In contrast, Manent calls for co-operation between Europe’s three big players – Britain, France and Germany. This may seem unlikely considering the bad blood between Paris and London, but it is actually rather sensible. In terms of the individual countries, Manent notes that each one presents a slightly different picture. With France, its international ambitions are bigger than its means and so it has a habit of sacrificing principles and forming alliances with despots in order to regain some of its lost glory. In doing so it also tries to compensate for its rotten allies by invoking some sort of pseudo-Marxist moralism to hide its perfidy. Germany by contrast is in the opposite position. It has significant means but low ambitions, due in large part to the fact that when it has historically tried to follow its ambitions it has produced enormous disasters. As a result it tends to be unpredictable and immature which is still largely the case today. By contrast with France and Britain, Germany is still a fairly young nation, but it has a long tradition of robust moralism and impressive strength. It simply hasn’t learned what to do with them. Britian, as Manent points out, follows its traditional good sense and seems to merge its means seamlessly with its goals which is proof again why Britain remains, to this day, a model of political sobriety. For Manent, the only reasonable and practical common European policy would be one formulated by these countries. This would not mean creating some sort of artificial framework that binds them together, nor would it mean ignoring the rest of the smaller European nations. It would simply mean adjusting ends to means and living according to reality, which in turn would mean that Europe would be able to see that the US is not a unilateral giant requiring some sort of pacifistic EU to act as counter-weight. Rather, it would mean that France, Germany and Britain could follow independent but related paths, sometimes in tandem with the US, sometimes at variance, but avoiding both utter subservience and total hostility.

As for the US, Manent notes too that there was some bad faith on its part. By this he intends to say that the arguments for invading Iraq – the WMDs argument – always seemed a bit weak to Europeans, and seem even weaker today. On the other hand, as long as Europe is obsessed with international legalism and supranational structures, it seems as though the US is almost forced to make arguments based on these doctrines.
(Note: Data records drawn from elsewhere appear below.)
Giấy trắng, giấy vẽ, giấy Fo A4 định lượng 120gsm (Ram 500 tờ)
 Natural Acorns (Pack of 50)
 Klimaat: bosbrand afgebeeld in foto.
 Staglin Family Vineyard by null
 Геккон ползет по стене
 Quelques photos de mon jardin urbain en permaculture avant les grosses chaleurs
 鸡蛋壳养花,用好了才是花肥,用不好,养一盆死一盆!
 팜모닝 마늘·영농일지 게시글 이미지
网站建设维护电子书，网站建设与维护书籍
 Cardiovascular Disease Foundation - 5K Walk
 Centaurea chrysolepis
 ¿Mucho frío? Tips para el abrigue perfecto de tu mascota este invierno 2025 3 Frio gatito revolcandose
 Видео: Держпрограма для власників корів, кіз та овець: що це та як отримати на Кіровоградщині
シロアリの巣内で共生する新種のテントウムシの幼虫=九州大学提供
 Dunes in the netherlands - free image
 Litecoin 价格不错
The problem, it seems, lies in European delusions. The question is whether such delusions can be overcome. At the end of his article, Manent says things could be different, “if…” And that’s the problem, there are a lot of “ifs” in the current European turn against politics and toward humanitarian internationalism. If Europe continues on this route the divide between the US and Europe will grow of necessity. If Europe takes the irresponsible path of anti-politics, which it seems determined to do, then the gap will grow to everyone’s detriment. Of course, the US has to be careful here too. It has to be careful about ensuring that its own military means, however great, are not confused with its political ends. The US too is in difficult position and must be as certain as possible that its actions and its rhetoric are responsible, especially when dealing with a Europe determined to criticize and complain. It is not the best situation to be in, but it is one the US will weather. Europe, on the other hand, facing declining populations and weak economies, may find that it is playing a game it cannot win, and, even worse, it may find that its beloved European Union, with its illusions and its invocations to irresponsibility, only has
tens its demise.

(Sorry about the link to le Figaro. It appears that it has already expired. They don't keep these things up too long.)